Barre en Inox, étendue de cendres (bois et papier), verre (feuilleté et recyclé), laiton, plastique,œuf de marbre, cuivre, caoutchouc, verre pilé, clou en acier.

Dans Smell of Dust, l’installation constitue un champ autonome : une étendue habitée d’ensembles sans origine ni récit stable, reliés par des inter-influences.

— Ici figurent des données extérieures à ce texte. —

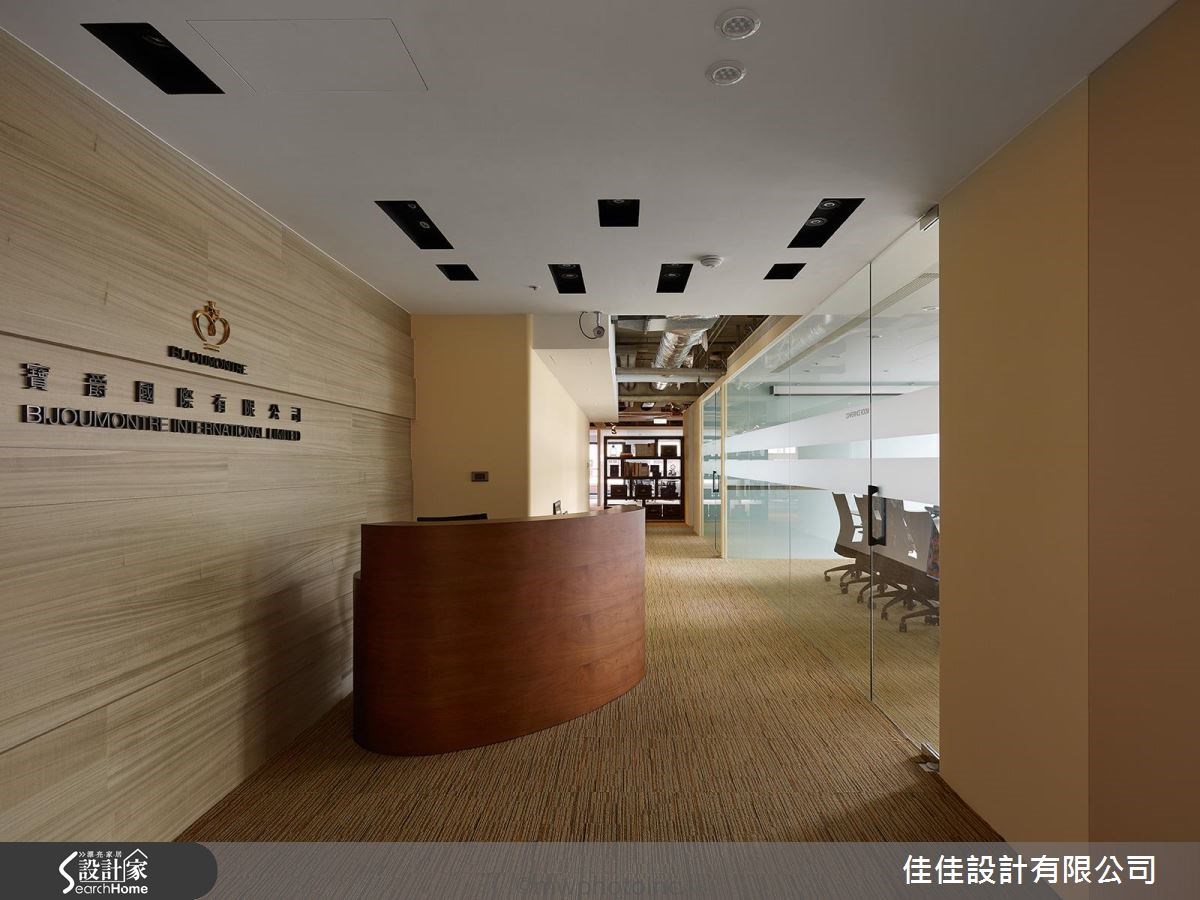 80坪中古屋(5~15年)＿簡約風案例圖片＿佳佳設計有限公司＿佳佳_01之1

Ce qui s’y dépose relève du vestige — fragments, résidus, traces — soustrait à toute lecture contextuelle. La précarité des équilibres interdit l’accès : l’attention ne peut se tenir qu’à distance, par le regard et l’odorat (camphrier), dans un espace volontairement non praticable. Au sol, des unités hétérogènes se répartissent dans une étendue de cendre — marbre, charbon réduit, copeaux, plaque d’aluminium, cire, poussières, pierres classées, poudres conditionnées — tandis que la désaturation et le gris instaurent une économie de lumière qui unifie l’ensemble et maintient les éléments dans un régime d’effacement. La composition agit alors sur le corps du visiteur, imposant des postures basses (se pencher, s’accroupir) et rejouant les contraintes du façonnage : l’œuvre met en tension contrainte et relâchement, interrogeant la manière dont un corps, pris dans des conditions restrictives, peut encore trouver des micro-espaces de détente et de déplacement.